For many LGBTQ+ people in North Carolina, Pride in Chapel Hill and Carrboro feels a little different than the massive corporate festivals found in larger cities. The focus leans more toward community gatherings, activism and visibility woven into the everyday fabric of two neighboring towns long associated with progressive politics and queer inclusion.
Throughout June, Chapel Hill and Carrboro will host their annual Small Town Pride celebration, featuring public art, live performances, community events and the Chapel Hill Pride Promenade.
The Chapel Hill Pride Promenade is scheduled for Saturday, June 6 from noon to 3 p.m. Participants will gather at the Peace & Justice Plaza before walking together through downtown Chapel Hill to Franklin Street. The walk will conclude with an afternoon celebration featuring performances, vendors, nonprofits, food and interactive activities. Organizers describe the promenade as a chance for people to “show up as your authentic self” while celebrating love, individuality and LGBTQ+ visibility in the heart of downtown Chapel Hill.
Now entering its fifth year, the promenade has become one of the Triangle’s more visible Pride events and continues to successfully maintain a distinctly local feel.
The month-long Small Town Pride celebration will wrap up with its annual Pride Celebration on June 26 at Carrboro Town Commons. The event will include live entertainment, vendors, local organizations and a community-focused atmosphere designed to welcome LGBTQ+ residents and allies of all ages. Before the celebration begins, community members and local officials will participate in the Pride Piper Walk, rolling the town’s rainbow ram sculpture down Weaver Street to the festival grounds.
The area’s embrace of LGBTQ+ inclusion has deep roots stretching back decades. Chapel Hill and Carrboro have long been viewed as some of North Carolina’s more welcoming communities for LGBTQ+ residents, students and activists.

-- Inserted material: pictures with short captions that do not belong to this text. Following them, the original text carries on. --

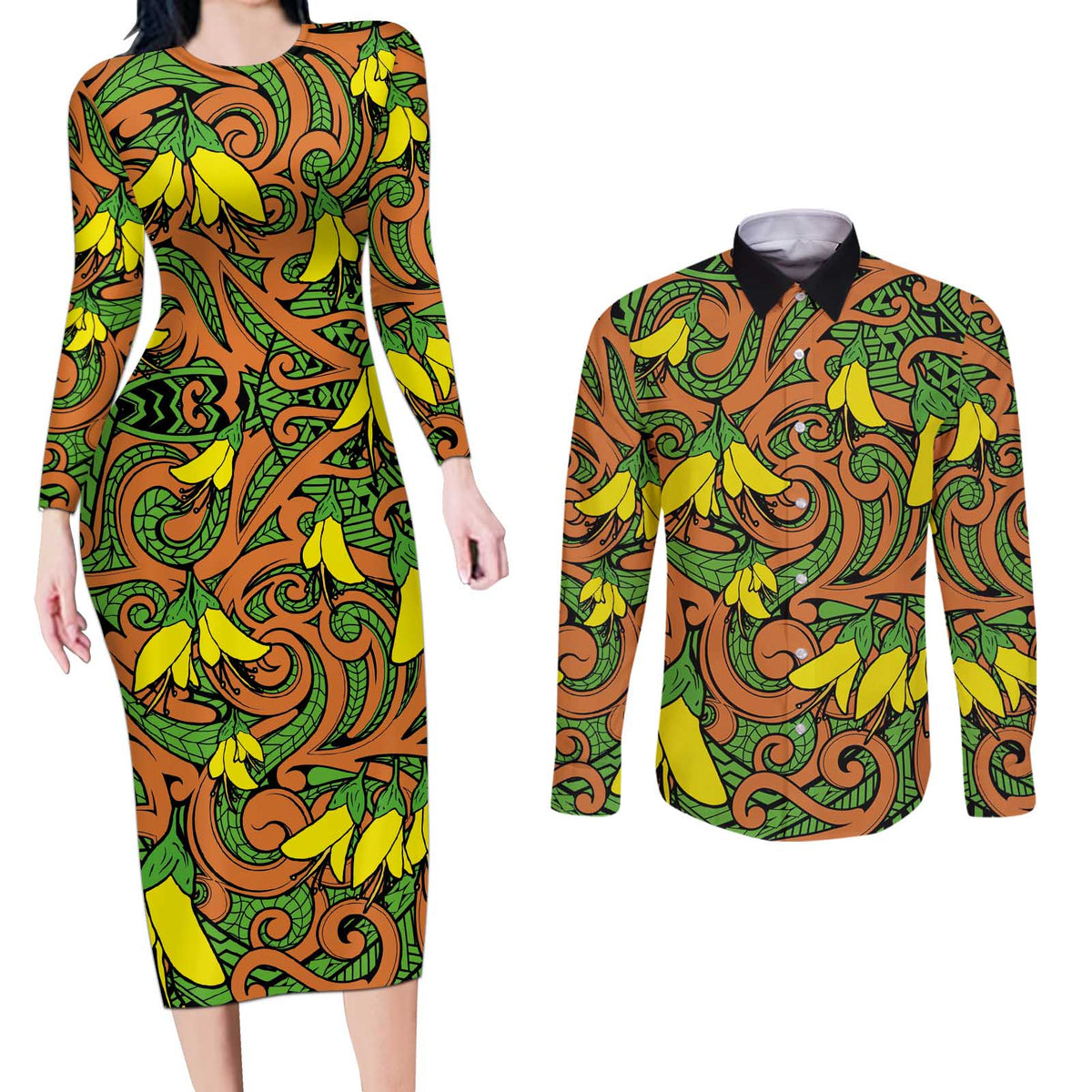 New Zealand Kowhai Flowers Couples Matching Long Sleeve Bodycon Dress and Long Sleeve Button Shirt Maori Koru Pattern LT03 Orange - Polynesian Pride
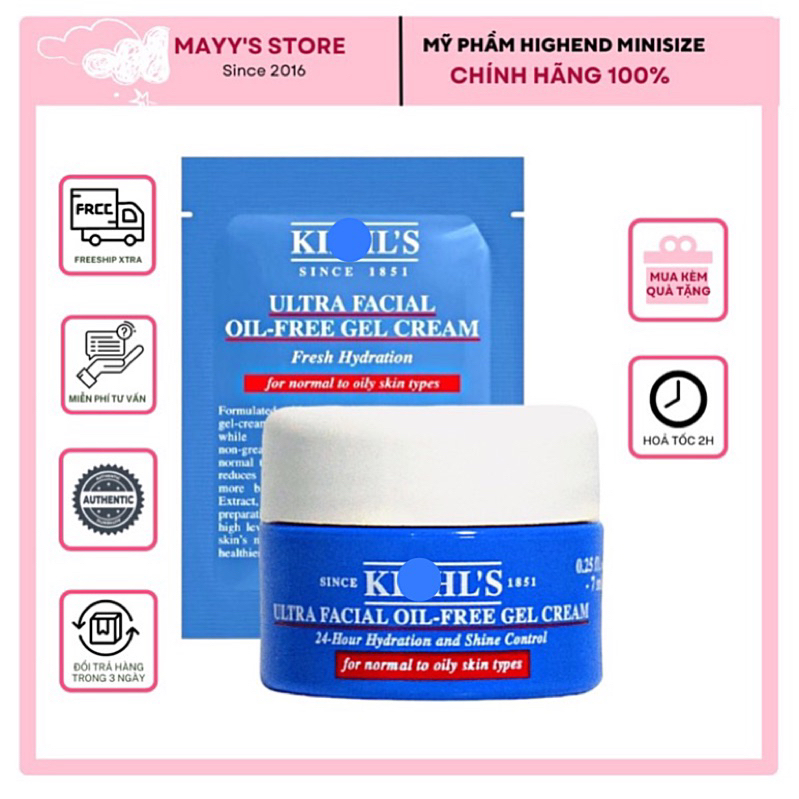 Kem Dưỡng Cấp Nước 𝐊𝐢𝐞𝐡𝐥𝐬 Oil Free Gel 7ml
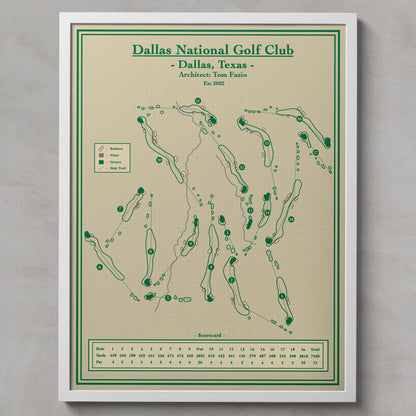 Golf Course Map Prints - Dallas National Golf Club in Texas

According to the Town of Chapel Hill’s LGBTQ+ history archives, the community played a significant role in North Carolina’s queer organizing history beginning in the 1960s. The area became home to LGBTQ+ student organizing at the University of North Carolina at Chapel Hill, feminist bookstores, advocacy groups and some of the earliest Pride-related organizing efforts in the state. Chapel Hill also elected one of North Carolina’s first openly gay mayors, Mark Kleinschmidt, in 2009.
The town of Carrboro can lay claim to an even bigger accomplishment: former Mayor Mike Nelson – openly gay – was the first in the state of North Carolina and Carrboro to be elected to the office of Mayor. He served a total of five terms, from 1995 to 2005.
Indeed, Carrboro has long held a reputation as one of the South’s most openly progressive small towns. Local leaders have frequently adopted LGBTQ-inclusive policies ahead of much of the state, and Pride celebrations there often emphasize grassroots participation and intersectional community building rather than commercial spectacle.
That “small town Pride” identity has become part of the event’s appeal. Organizers say the goal is not simply celebration, but creating spaces where LGBTQ+ residents feel visible and supported during a time when queer and transgender communities continue facing political attacks across the country.
This year’s programming continues that tradition with a mix of celebration, public visibility and local connection. In Chapel Hill and Carrboro, Pride belongs to the local communities that have spent decades building space for LGBTQ+ life in North Carolina year-round.